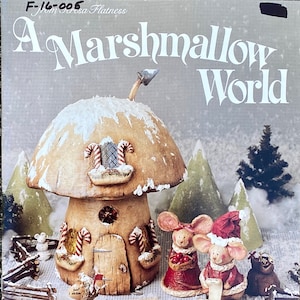 May include: A whimsical diorama titled "A Marshmallow World" features a mushroom-shaped house with candy cane accents and miniature mice figurines. The scene includes a snowy landscape with miniature trees and a rustic fence.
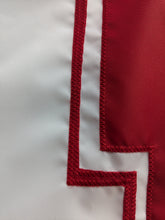 Load image into Gallery viewer, Red N logo sewn onto White three by five foot wide University of Nebraska Lincoln Applique flag with two metal grommets 
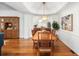 Open dining room showcasing hardwood floors, a chandelier, and a view into an adjacent area at 1977 Pierce St, Charleston, SC 29492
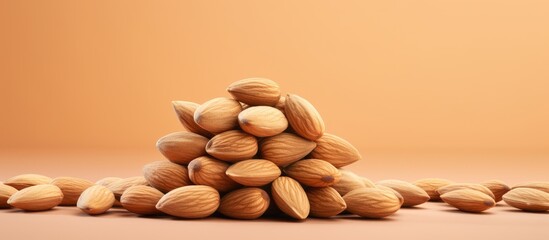 Poster - Almonds stacked against a isolated pastel background Copy space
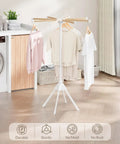 Foldable Wood Clothes Drying Rack With Eight Adjustable Rods No Fuss Space Saving Laundry Organizer For Indoor And Outdoor Use Ideal For Laundry Room Balcony RV Camping Beach Towel Drying shown in laundry room with clothes hanging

→ **Your instructions**: Take the line with "Open dining room" and each line after it through the end of the material above, and reproduce them exactly, both ends included, without pictures.

→ **The completed task**:
 Open dining room showcasing hardwood floors, a chandelier, and a view into an adjacent area at 1977 Pierce St, Charleston, SC 29492
 Poster - Almonds stacked against a isolated pastel background Copy space
 Foldable Wood Clothes Drying Rack With Eight Adjustable Rods No Fuss Space Saving Laundry Organizer For Indoor And Outdoor Use Ideal For Laundry Room Balcony RV Camping Beach Towel Drying shown in laundry room with clothes hanging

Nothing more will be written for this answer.